このまま時間が止まってほしい。それだけ喜びに満ちた1年だった。

04年アテネ・パラリンピックで車いす陸上100m、200m金メダルと400m銀メダルを獲得したホン・ソンマンさん(29)。初出場したパラリンピックで韓国で初めて陸上種目のトップにあがり、200mでは世界新記録(26秒31)まで樹立した。

「本当に多くのことをもたらしてくれた1年で、新しい機会を見つけた人生のターニングポイントでした」

永遠に忘れられない1年を送ったホンさんの顔は明るかった。明るい微笑みからは何のかげりも見られなかった。「背広がよく似合います」と言うと、「02釜山(プサン)障害者アジア大会時の韓国選手団の団体服ですが、デザインが地味で普段着にぴったりです」と言いながら笑った。
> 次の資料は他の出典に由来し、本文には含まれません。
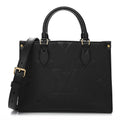 Louis Vuitton Empreinte Monogram Giant Onthego BB Black
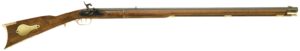 Traditions R2040 Deluxe Kentucky Rifle  50 Cal Percussion 33.50" Blued Barrel Hardwood Stock Double Set Trigger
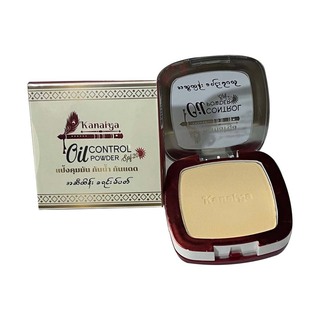 Kanaiya Oil Control Powder Creampact (Thanakha 03) 12G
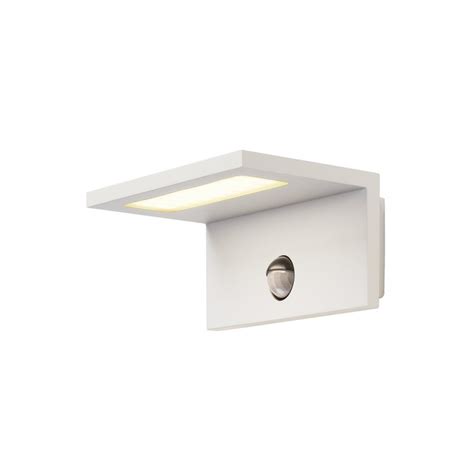 Slv Led Sensor Wl Led Outdoor Wandaufbauleuchte Ip Wei K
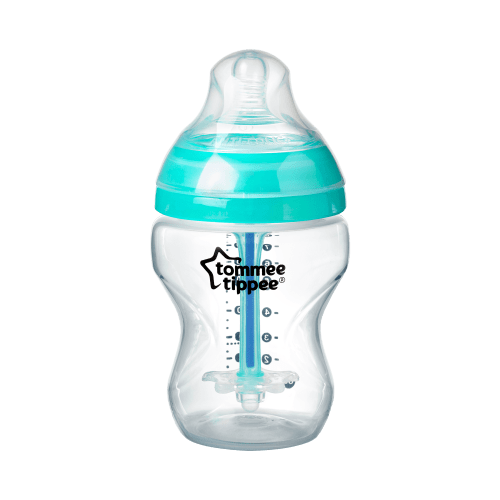 Tommee Tippee Advanced Anti-Colic Baby Bottles – 9oz, Clear, 1 pack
このような余裕を持つまでの彼の人生は決して順調ではなかった。済州(チェジュ)で3兄弟の可愛い末っ子として生まれたが、3歳の時、小児麻痺にかかって歩けなくなった。そのような彼を、両親はおんぶして学校に通わせた。

中学校に入ってから、両親の反対を押し切って車いす陸上を始めた。「走りたかったのにそれが出来なくてあまりにもつらかったのです。スピードを感じられるなら、どんな冒険でもするつもりでした」

00年シドニー・パラリンピックの時に国家代表から脱落し、2年間、車いす陸上をしなかった。振り返ってみると最も苦しかった時期。スランプから脱することができる道は、やはり運動しかなかった。コーチもいないまま、退勤後、毎晩2時間近く運動場を150回以上も回った。ほぼ1000万ウォンもする競技用車いすの価格も負担だった。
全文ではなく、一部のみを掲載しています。